【香港6日=柏山自夢】教えてマジックマン! 10日に香港国際競走4レース(全てG1)が行われるシャティン競馬場を、香港の帝王ジョアン・モレイラ騎手(34)が徹底解説した。「モレイラビジョン」によれば、各馬が実力を出しやすいコースで、日本馬向き。馬券攻略のヒントまで見通した。

 シャティンの芝を踏みしめながら、モレイラは何度も繰り返した。「とてもフェアだよ」。圧倒的な存在感を示してきたホームグラウンド。理由もすらすらと続く。「十分な長さの直線がある。大きなアップダウンもなく平たん。有利不利が少ないコースだ」。

 その上で、勝敗を分ける特徴がある。「馬場だね。特に表面が硬いから、速い時計が出る」。世界を股にかけてきた名手。脳内のデータベースから、1つの競馬場を引き合いに出した。「東京に近いね」。右回り左回りの違いこそあるが、広くゆったりとしたコース形態は共通している。「だから日本馬はいいね。特に、東京での実績に注目してみるといい。東京で結果を出している馬なら、香港は絶対に合う。逆にヨーロッパで走ってきた馬には向かないと断言できるよ。彼らが主に経験してきたのは、軟らかい馬場だからね」。身振り手振りを交えての解説は、リップサービスではない。

 その傾向は今年、特に強くなりそうだ。「ファンタスティック」と声を弾ませるほどに、芝は青く生い茂る。高速決着による力勝負も望める状態だ。「いつも以上にいい状態。内外の差もない。強い馬をうまく走らせられるかだけがポイントだ」。

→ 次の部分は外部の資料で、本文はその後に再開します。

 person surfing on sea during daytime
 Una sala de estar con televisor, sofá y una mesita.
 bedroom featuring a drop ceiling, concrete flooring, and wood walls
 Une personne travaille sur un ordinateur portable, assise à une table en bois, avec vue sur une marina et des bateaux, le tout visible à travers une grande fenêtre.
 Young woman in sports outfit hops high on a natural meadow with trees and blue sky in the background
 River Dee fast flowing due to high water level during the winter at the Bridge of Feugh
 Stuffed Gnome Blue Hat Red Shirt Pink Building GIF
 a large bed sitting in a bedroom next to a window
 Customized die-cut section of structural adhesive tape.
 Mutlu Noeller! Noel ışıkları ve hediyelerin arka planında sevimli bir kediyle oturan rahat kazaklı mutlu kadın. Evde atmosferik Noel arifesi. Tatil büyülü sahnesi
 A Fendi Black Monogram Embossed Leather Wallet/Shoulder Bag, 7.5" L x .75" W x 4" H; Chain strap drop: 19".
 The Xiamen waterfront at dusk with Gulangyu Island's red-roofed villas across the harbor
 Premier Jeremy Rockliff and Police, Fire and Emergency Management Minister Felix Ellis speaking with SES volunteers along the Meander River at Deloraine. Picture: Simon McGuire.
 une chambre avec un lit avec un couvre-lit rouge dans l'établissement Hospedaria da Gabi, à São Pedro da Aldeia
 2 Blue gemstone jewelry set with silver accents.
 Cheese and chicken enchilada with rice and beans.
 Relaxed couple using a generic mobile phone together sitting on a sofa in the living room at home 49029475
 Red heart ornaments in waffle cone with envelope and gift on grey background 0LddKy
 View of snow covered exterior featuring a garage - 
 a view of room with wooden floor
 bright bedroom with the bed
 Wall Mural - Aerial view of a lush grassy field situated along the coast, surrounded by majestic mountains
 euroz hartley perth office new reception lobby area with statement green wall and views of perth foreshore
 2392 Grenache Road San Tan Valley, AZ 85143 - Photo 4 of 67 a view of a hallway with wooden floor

ムチを握る右手に力を込めた。

 それでも、時に展開のあやがあるのが競馬。波乱の可能性を含む条件として挙げるのが、2000メートル戦だ。「スタートから最初のコーナーまでがすごく短い。その間に、いい位置を取りに行かないといけないからね」。昨年の香港カップでも、先行集団はスタートから約10秒で1コーナーに到達している。一瞬の勝負。運も必要になってくる。「内枠が絶対にいい。この条件に限っては、いい枠を引くということがとてつもない助けになる」。

 今年のカップで騎乗するネオリアリズムにも大いに当てはまる話だ。「難しさがあり、スタートを失敗すると勝負どころまでに体力を消耗してしまう。なんとかスタートを決めたい」。今日7日に決まる枠順抽選が見逃せない。

 ◆ジョアン・モレイラ 1983年9月26日、ブラジル生まれ。00年デビュー。約9年間で1000勝以上。09年4月からシンガポールで騎乗。10年から4年連続リーディング。13年9月6日には騎乗機会全勝の1日8勝。同年10月香港に移籍。14-15年シーズンから3年連続でリーディング。愛称はマジックマン、雷神。日本では15年WASJで優勝。16、17年には短期免許で騎乗、16年8月27日から28日にかけて騎乗機会7連勝(日本タイ記録)。